Skilled Nursing Facilities

Managing Payer Rules at the Facility Level

Payer Rules define contractual requirements such as deductibles, liability, coverage limits, and coinsurance specific to a Payer.

Payer Rules can be edited if the incorrect options are selected. 

Note

Before configuring Payer Rules, Payers must be setup and a rate line created in Payer Rules and Rates to activate the Payer. 

  1. From facility > Admin > Setup > Payer Rules & Rate Schedules. 

  2. Click edit payer rules.

  • Does the Payer Cover Deductibles?- Select Yes or No.

  • Does payer have a Deductible/Liability? - Select Yes if the Payer reduces payment for a deductible or liability amount and complete the additional fields, otherwise select No.

    • Default Amount: - Type the amount if the amount is the same for all residents for the Payer. The default amount populates the same amount for all resident's for the payer in the resident's census. If resident's have a different amount, leave the field blank and you can type the resident specific amount in census entries.

    • Disallow Override of Amount - Select if you typed a Default Amount and do not want the amount to be overridden in resident census and rates.

    • Frequency: - Select from the list.

    • Method: - Select from the list.

    • Include Ancillaries in deductible: - Select the option if the Payer includes ancillaries when calculating the deductible/liability.

  • Does payer have a Coverage Limit? - Select Yes if the Payer covers a maximum amount and complete the additional fields, otherwise select No.

    • Default Amt./Pct.: - Type the amount.
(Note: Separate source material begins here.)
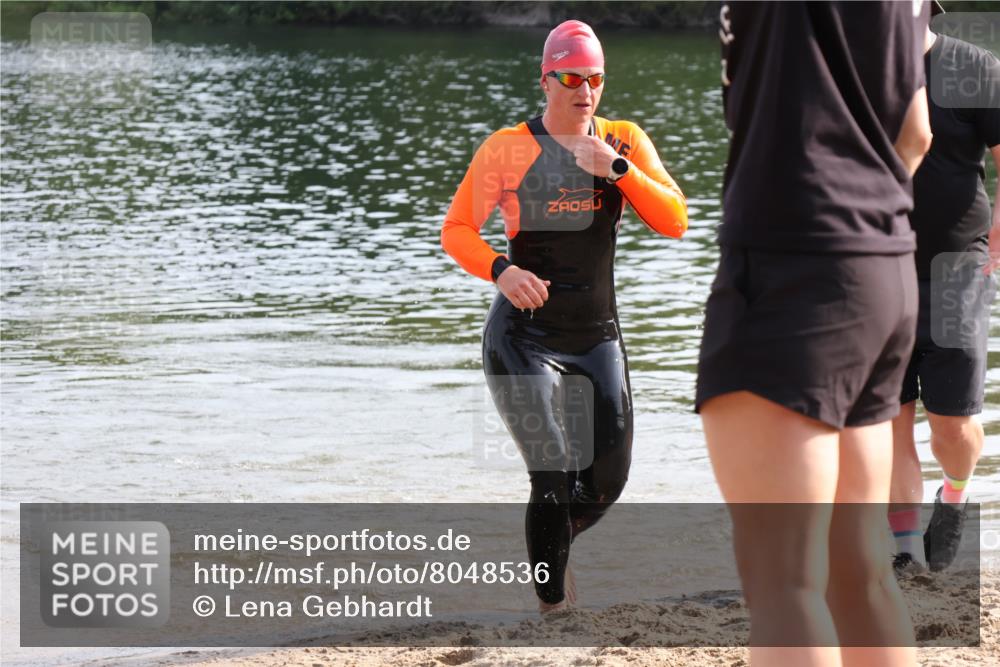 15.06.2025 - 27. Vierlanden-Triathlon Lena Gebhardt http://msf.ph/oto/8048536 15.06.2025 09:04:37 Schwimmen 247 meine-sportfotos.de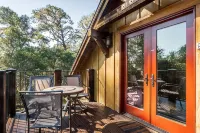 Lovely Cottage just above Moonstone Beach in the Pines and Oak Trees. - 4つ星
    • Disallow Override of Amount - Select if you typed a Default Amt./Pct amount and do not want the amount to be overridden in resident census and rates.

    • Frequency: - Select from the list.

    • Once Reached:

      • Pass to next Payer  - Select this option to split the billing between payers.

      • Write-off to:  -  Select the account from the list if a portion of the bill is not to be collected from the resident. For example, to reduce the charge for a subsidy.

    • Include Ancillaries in coverage limit: - Select to include ancillaries if the payer includes ancillaries in coverage limit.

    • Default Amt./Pct.:  - Type the coinsurance amount.

    • Disallow Override of Amount - Select if you typed a default amount and do not want the amount to be overridden in resident census.

    • Frequency: - Select from the list.

    • Select Valid Coinsurance Payers: - Select all of the valid coinsurance payers for the Payer.

    • Percentage:  - Type the percentage amount.

    • Account:  - Select the account to apply the reduction.

  • If Apply reduction to net reimbursement is selected, the reduction is applied to room and board when you generate transactions and ancillary charges within a batch.